Bought a Turbo Carver II for detailing and such. With a sharp-point bit I could use my actual signature, but then nobody would know who made the bowl :D I do use the TB II to sign, however, using the glyphs I've always used to sign my work.

I know several who use a micromotor engraver which puts a scratch in the surface and is very easy to control moving across the wood grain. One I've seen also works a bit of pigment or liming wax into the scratches.

m
 
Washing of the bowl? Dude. You don't wash art.

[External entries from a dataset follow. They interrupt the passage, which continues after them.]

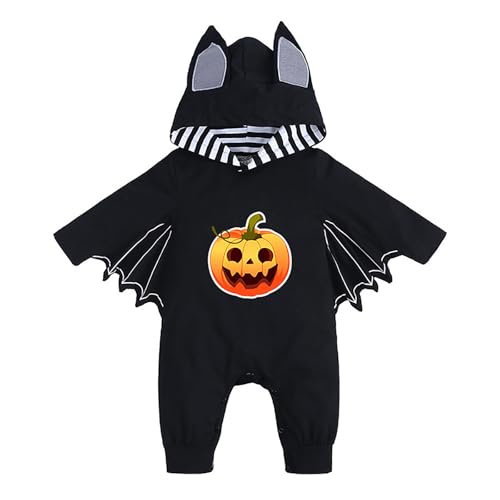Generisch My First Halloweens Outfit Halloween Strampler Neugeborene Fledermaus Kostüm Kinder Reflektierende Overalls Lustiges Fledermaus Kapuzen Outfit Set mit Ohrenmütze von Generisch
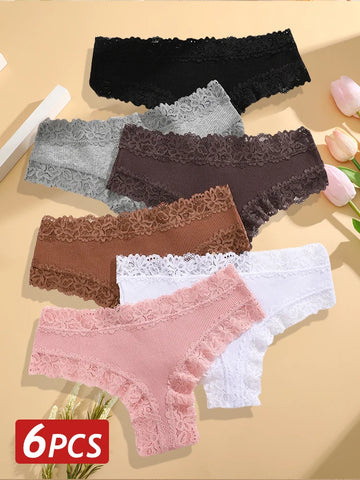 6PCS/Set Sexy Brazilian Panties Lace Cotton for Women
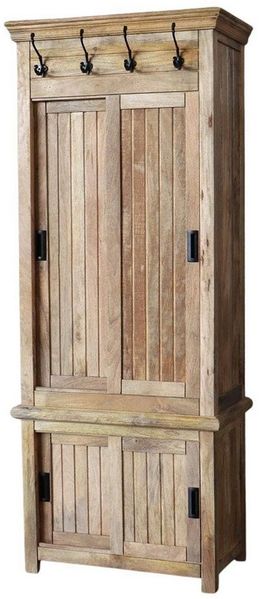 baario Schuhschrank Schuhschrank REVIN Landhaus braun massiv Garderobe Lamellenschrank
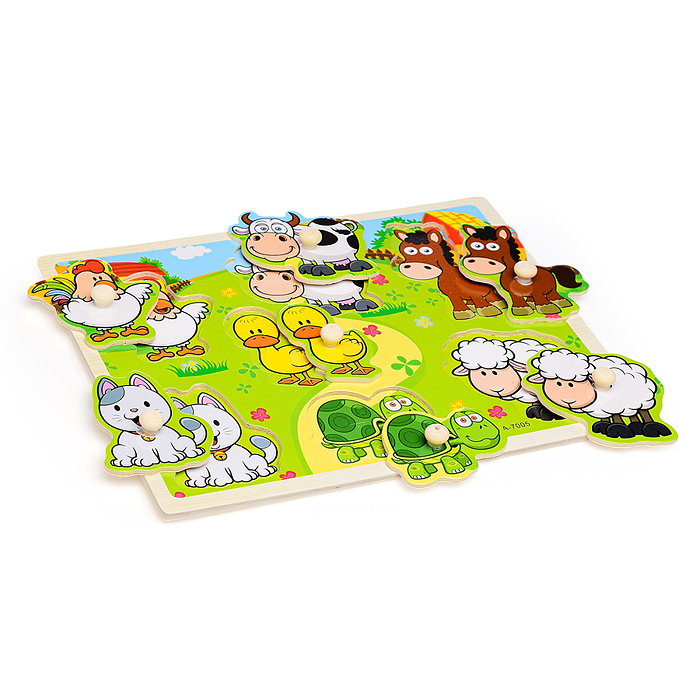 Пазл-вкладыш D0054 "Животные и Птицы"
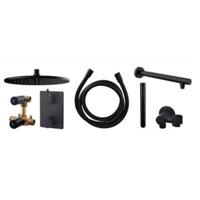 Inbouwthermostaatset Wiesbaden Caral Rond 30cm Muuruitloop Mat Zwart - thumbnail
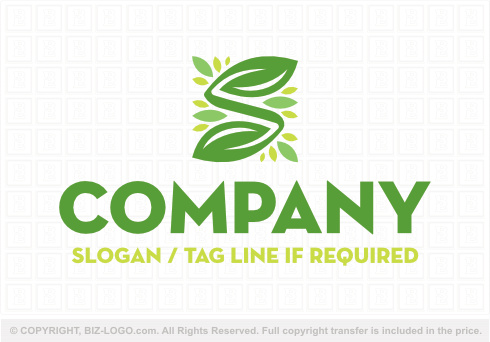 Logo 8903: Leaf Letter S Logo
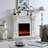 Ivory White Landscape Electric Fireplace With Decoration and Heating-119603336-108191633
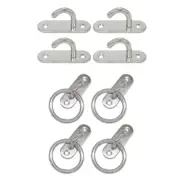 4Pcs Stainless Steels Pad Eye Plate Marine Hardware Hook Heavy Duty Ceiling Hook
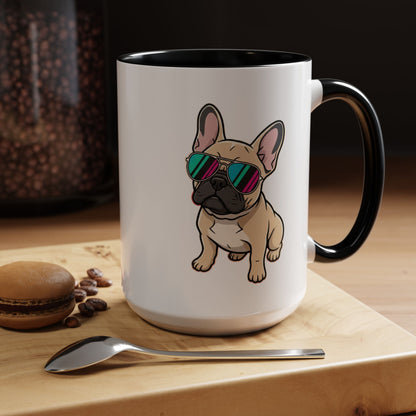 French Bulldog with Sunglasses - Color Accent Mug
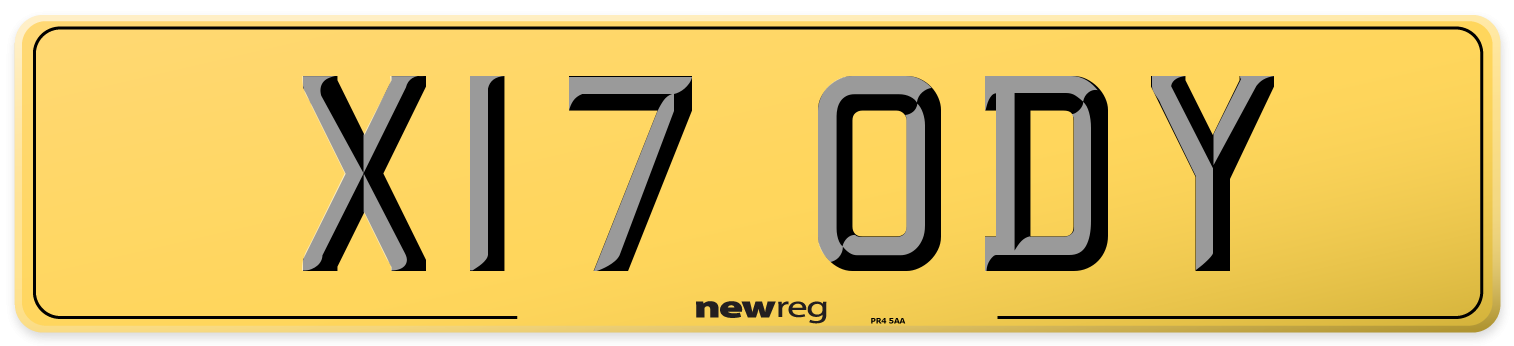 X17 ODY Rear Number Plate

Now if you're talking salad bowls it's a different story.

Dietrich
 
I use the Dremel engraver. Not the little engraving cutter they sell for the regular Dremel but the Dremel engraver. If you use a light touch you can write your name very nicely. I changed to this system because I turn a lot of dark woods and the sharpie wouldn't show. I tried pyrography but my burner wasn't the highest quality and I always had trouble getting a consitently thick line to my name. I just bought an Optima woodburner and it does a much better job (my skills may be better also). I still prefer the Dremel. The signature can be very subtle if you want (such as on the edge of my handmirrors) or you can rub colored wax into it and make it very bold (such as Cindy Drosda's gold signatures)
There is a learning curve to getting a really good signature and I find that sanding the area to be signed to at least 220 or higher makes it easier to write accurately.
 
I tried wood burning my name on the bottom of my bowls - found that it was too large. I then tried one of those small electric engraver tools (I got mine at Sears). I like that better. I can write much smaller than the wood burner. If I am careful you can even read the name. I was never know for good hand writting.

dekluze - You mean that really nice burl vessel I just finished isn't a vase for fresh flowers? What is it good for?
Hugh
 
I recently gave another club member a look at the different methods. I showed a Detail Master woodburner, Foredom high speed rotary air tool, and a vibrating engraver. His final choice was the engraver, like the Dremel. I use the vibrating engraver on small pieces and the woodburner on my larger pieces.
 
The electric engraver is my first choice, also. Mine is made by Wen.
I find it easier than a burning tip, to get an even line across difficult woods like Oak--the trick is to use very little pressure, go slow, and let the engraver do the work. LIke John Lucas says, it's best for dark woods and filling with some kind of pigment or other material is a great idea.
 
I'm Cheeeep

I use a BIC Mark*It Ultra Fine Point Permanent Marker.....

Under about five coats of lacquer.

It won't wash off in water. If it does you got more problems than permanent marker washing off.... :D

One reason I use it is because the Sharpie dries out and this one (as advertised) doesn't. The other reason is because it's only $1.98 per two pack. :o
 
Additional Ideas...

Each of the basic techniques described thus far in this thread (engraving, pyrography & ink) has its place.

I use a Colwood Galaxy pyrography kit with an "MC" micro writing pen tip about 95% of the time. With practice it is possible to scribe lengthy names like mine into quite small spaces. I almost always use a backlit magnifier lamp to compensate for my 20/400 eyesight.

When signing with ink I've found that a Sakura Pigma MICRON 03 pen under many coats of your favorite finish works quite well. This brand of pens uses a durable archival ink that shouldn't chemically interact with the finish or the wood. You should be able to pick one of these pens up for less than $3 on the web.

Of equal importance to what tool you use to write with is what you chose to write. I have been encouraging turners in our local club to include their name and/or mark as a bare minimum. Its amazing how many turners don't sign their pieces. Adding the wood species, a catalog number and a date should make your turning more complete and you more credible. One additional suggestion: make sure your spelling is correct. I've seen 'maple' pyrographed as 'mapel' on an otherwise fine piece. Go figure!

I've posted a photo in the AAW Member Gallery with an inset image that illustrates an example of how my signature works. I hope that this info is of some value to you.